Please take the records that follow and repeat exactly the lines starting with the line with "14 Ferguson Avenue, Whitby, Ontario" and going on through the line with "Aksaray'da Kur'an kursuna".

PROVIDED DATA
###
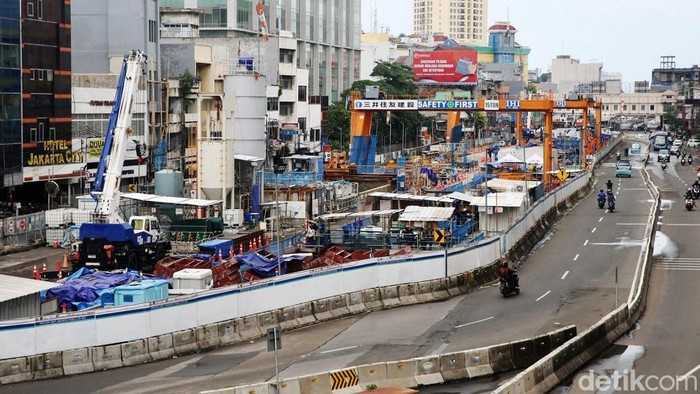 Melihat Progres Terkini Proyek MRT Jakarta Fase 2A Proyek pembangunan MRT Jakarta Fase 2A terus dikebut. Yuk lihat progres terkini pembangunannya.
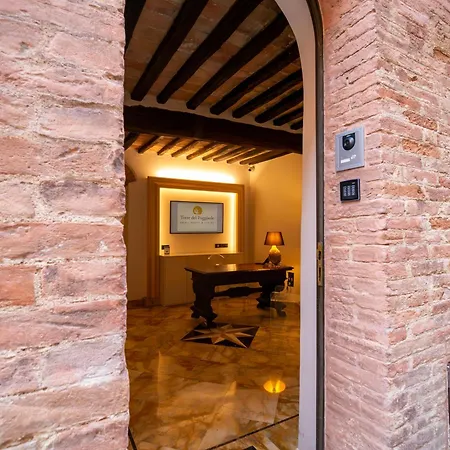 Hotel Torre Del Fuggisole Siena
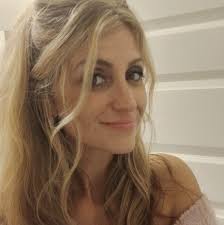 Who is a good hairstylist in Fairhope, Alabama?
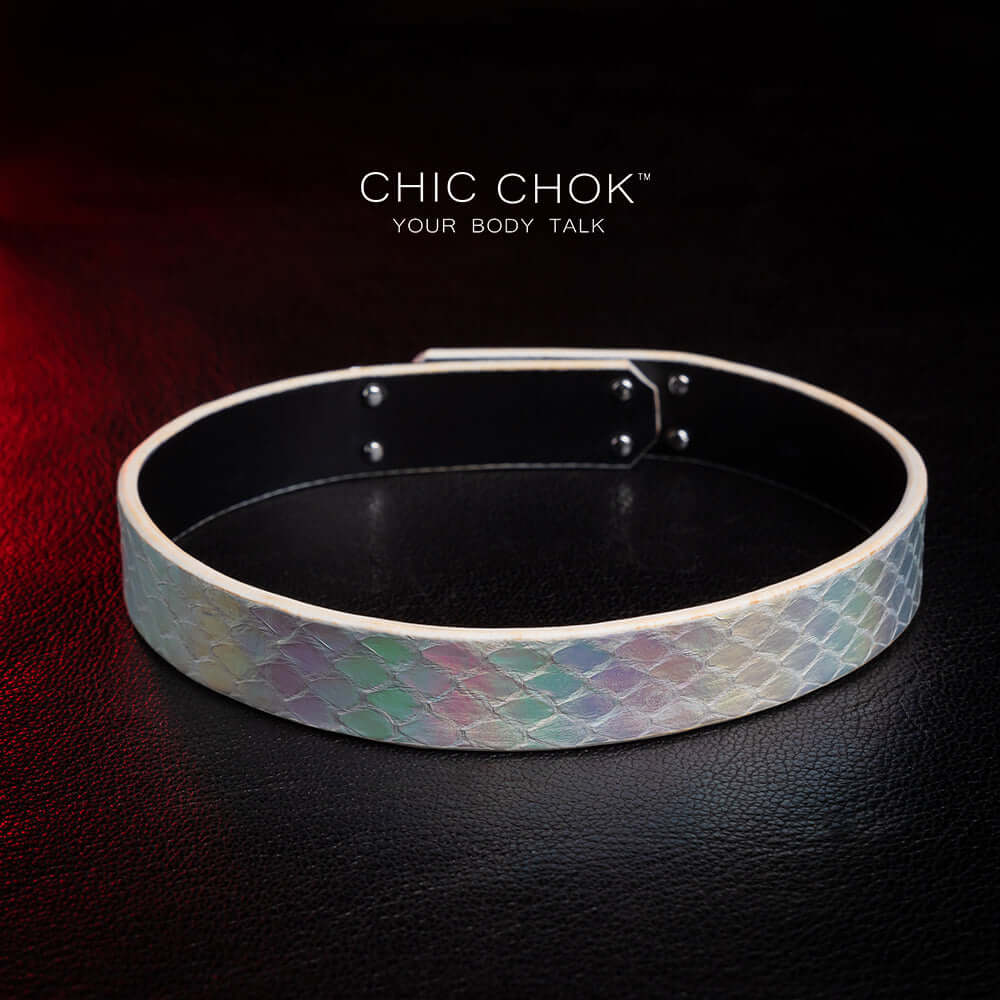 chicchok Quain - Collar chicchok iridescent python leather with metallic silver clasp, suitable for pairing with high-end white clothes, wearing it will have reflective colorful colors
###
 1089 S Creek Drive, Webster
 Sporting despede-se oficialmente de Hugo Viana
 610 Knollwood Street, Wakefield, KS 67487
###
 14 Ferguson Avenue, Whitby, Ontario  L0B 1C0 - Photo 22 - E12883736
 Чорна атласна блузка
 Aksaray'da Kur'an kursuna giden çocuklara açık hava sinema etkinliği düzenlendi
###
TASK SOLUTION
 14 Ferguson Avenue, Whitby, Ontario  L0B 1C0 - Photo 22 - E12883736
 Чорна атласна блузка
 Aksaray'da Kur'an kursuna giden çocuklara açık hava sinema etkinliği düzenlendi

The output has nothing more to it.